I’ve just been reading in the Independent about the ‘Gospel of Jesus’s Wife’, as this papyrus fragment has been known since its discovery two years ago. Dr Karen L King, Professor of Divinity at Harvard, unveiled it at the 10th International Congress of Coptic Studies in Rome in 2012.
The lines are written in Coptic – the Egyptian language that was the key to the Rosetta Stone inscription – and they include the phrases ‘she will be able to be my Disciple’ and ‘Jesus said to them, My wife…’
Cue deafening howls of excitement and/or outrage. It reminded me of something my brother said at his wedding: ‘the first time you say ‘my wife’ it really does bring the house down.’
Now the papyrus has been scientifically tested and dated to 600 – 900AD, establishing that it is not a modern fake, and – at the very least – suggesting that there was an Early Church tradition that Jesus was married.
I was glad to read it because Christ’s wife would be St Mary Magdalen; her potency as an image in Western Art feels like a ghost of the importance she may once have had in the Early Church, before the role of women was rigidly redefined by St Paul, or Saul.
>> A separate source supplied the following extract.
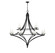 Director 12 Light Chandelier in Matte Black (51|1-1672-12-89)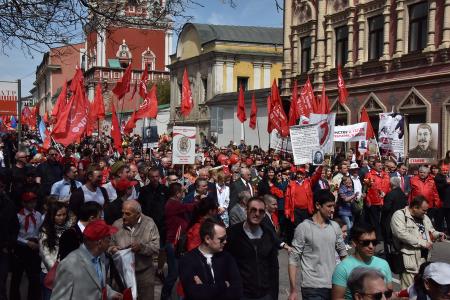 Слава Советскому народу – победителю! Вечная память павшим! Фашизм не пройдет!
I am, of course, especially fond of her (or Her?) because of the Magdalen by Thomas Hudson that I’ve used as the header on this site. I’ll post on it properly soon. I discovered the painting miscatalogued at an auction in Ireland last year. It is Hudson’s earliest known work, probably a portrait of his wife Mary Richardson painted before their marriage in 1725.
Hudson’s Magdalen seems to have vanished from the record after the artist’s posthumous sale at Christie’s in 1785. I contacted Christie’s to see if there is any information about the buyer. They very kindly replied, saying that the handwriting in the auctioneer’s book was difficult to read. The buyer’s name is Saul. Or Paul.